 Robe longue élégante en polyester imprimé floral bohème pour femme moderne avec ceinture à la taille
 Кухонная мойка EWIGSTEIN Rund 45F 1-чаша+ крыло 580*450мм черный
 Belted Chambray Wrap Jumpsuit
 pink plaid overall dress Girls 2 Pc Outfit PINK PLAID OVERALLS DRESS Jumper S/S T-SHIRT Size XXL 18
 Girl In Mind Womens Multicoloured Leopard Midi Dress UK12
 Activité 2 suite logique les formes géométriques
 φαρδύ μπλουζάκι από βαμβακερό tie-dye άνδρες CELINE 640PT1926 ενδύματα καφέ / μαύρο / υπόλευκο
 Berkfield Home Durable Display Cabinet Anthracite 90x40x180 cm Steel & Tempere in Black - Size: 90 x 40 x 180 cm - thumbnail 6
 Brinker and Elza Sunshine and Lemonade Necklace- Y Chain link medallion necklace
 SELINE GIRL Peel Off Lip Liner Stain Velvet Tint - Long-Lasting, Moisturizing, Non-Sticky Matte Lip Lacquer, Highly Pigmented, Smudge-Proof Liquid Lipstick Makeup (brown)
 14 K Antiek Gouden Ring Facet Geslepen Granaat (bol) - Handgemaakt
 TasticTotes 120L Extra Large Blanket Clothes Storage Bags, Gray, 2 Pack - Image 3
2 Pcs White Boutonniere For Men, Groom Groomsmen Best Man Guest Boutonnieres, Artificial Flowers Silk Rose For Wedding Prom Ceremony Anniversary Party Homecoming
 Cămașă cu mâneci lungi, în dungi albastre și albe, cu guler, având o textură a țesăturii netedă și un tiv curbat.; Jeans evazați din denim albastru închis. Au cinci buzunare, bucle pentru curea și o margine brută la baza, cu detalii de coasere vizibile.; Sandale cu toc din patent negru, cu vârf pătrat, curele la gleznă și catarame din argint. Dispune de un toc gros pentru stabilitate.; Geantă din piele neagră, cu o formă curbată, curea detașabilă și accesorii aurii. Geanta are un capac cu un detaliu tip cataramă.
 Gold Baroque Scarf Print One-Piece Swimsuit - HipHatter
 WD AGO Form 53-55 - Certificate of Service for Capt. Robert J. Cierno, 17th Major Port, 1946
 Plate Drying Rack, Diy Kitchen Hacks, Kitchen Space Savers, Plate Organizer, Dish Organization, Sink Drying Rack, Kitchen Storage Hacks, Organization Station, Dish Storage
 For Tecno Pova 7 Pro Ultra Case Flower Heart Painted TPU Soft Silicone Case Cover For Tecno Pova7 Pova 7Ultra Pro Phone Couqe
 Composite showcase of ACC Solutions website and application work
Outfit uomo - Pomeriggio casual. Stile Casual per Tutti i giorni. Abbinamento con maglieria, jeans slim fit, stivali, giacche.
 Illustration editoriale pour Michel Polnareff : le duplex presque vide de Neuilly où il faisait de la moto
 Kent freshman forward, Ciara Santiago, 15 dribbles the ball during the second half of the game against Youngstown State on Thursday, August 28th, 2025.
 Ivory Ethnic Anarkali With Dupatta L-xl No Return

··········

▶ **The problem**: Output exactly the lines of the material above from the one containing "Outfit uomo - Pomeriggio" up to and including the one containing "Illustration editoriale pour".

▶ **Response area**:
Outfit uomo - Pomeriggio casual. Stile Casual per Tutti i giorni. Abbinamento con maglieria, jeans slim fit, stivali, giacche.
 Illustration editoriale pour Michel Polnareff : le duplex presque vide de Neuilly où il faisait de la moto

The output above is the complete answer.